Eine Sammlungsbewegung neben SPD und KPD wurde nicht nur vom VBH verfolgt. Auch der Bürgermeister Rudolf Petersen versuchte, eine Fusion zwischen FDP und CDU voranzutreiben. Diese Fusion scheiterte letztlich aber auch.[3]

Am 17. Mai 1946 gründete sich die Partei Vaterstädtische Bund Hamburg mit Genehmigung der Alliierten offiziell. Die CDU-nahe Zeitung „Hamburger Allgemeine“ kommentierte die Veranstaltung leicht spöttisch: „Man sah viele weiße Haare, wenig Jugend und vor der Tür einen reich bestellten Parkplatz.“[3] Zu dieser Gründungsversammlung waren Vertreter von CDU, FDP und SPD eingeladen worden, nicht aber der KPD.[2]

Bei der Gründungsversammlung sagte Chapeaurouge in seiner Ansprache zu den Zielen des neuen Bundes:[4]
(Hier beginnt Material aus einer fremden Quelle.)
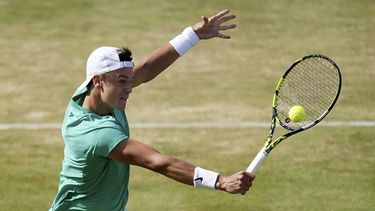 El danés Holger Rune regresa un tiro del italiano Lorenzo Musetti en los cuartos de final del Queens Club championship en Londres el viernes 23 de junio del 2023. (Adam Davy/PA via AP)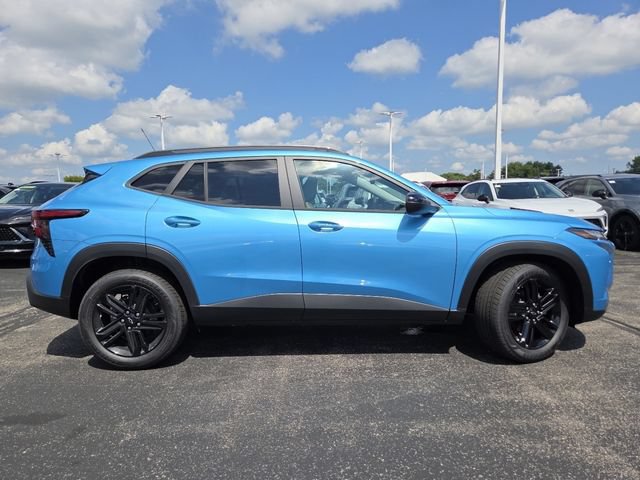 New 2026 Chevrolet Trax ACTIV w/ Sunroof Package FWD image 17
„[…] Er [der Vaterstädtische Bund] will in seinen Reihen alle Männer und Frauen und die Jugend Hamburgs sammeln, die in den vier zugelassenen Parteien ihre politische Heimat nicht sehen, sich aber zur aktiven Mitarbeit am Aufbau Hamburgs verpflichtet fühlen. […]“

„[…] Der Vaterstädtische Bund Hamburg will über die zugelassenen Parteien bewußt weitergreifend alle rechts der Sozialdemokratie stehenden Parteien und Gruppen in praktischer Gemeinschaftsarbeit für Hamburg zusammenfassen, aus der Überzeugung heraus, daß eine solche Zusammenfassung fern aller vermeidbarer Parteipolitik eine politische und vaterstädtische Notwendigkeit ist […]“

„[…] Erstes Nahziel des Vaterstädtischen Bundes Hamburg ist die Schaffung eines ‚Wahlblock 1946‘ für die Herbstwahl 1946 zur Bürgerschaft, die alle Parteien, Gruppen und die weiten Schichten der Bevölkerung Hamburgs umfaßt, die sich nicht zu den Linksparteien zählen, um sich vor der drohenden Gefahr zu schützen, bei der Wahl von den Linken überrannt zu werden […]“

Die Bürgerschaftswahl 1946

Am 25. Juli 1946 stellt Chapeaurouge den Vorständen von CDU, FDP, Niedersächsischer Landespartei (NLP)[5] und Deutscher Konservativer Partei (DKP) seinen Vorschlag vor, eine Listenverbindung für die Wahl im Herbst des Jahres aufzustellen. Nach seiner Idee sollten die CDU und die FDP je ein Drittel der Sitze erhalten und der Rest auf die anderen Parteien inklusive des VBH aufgeteilt werden.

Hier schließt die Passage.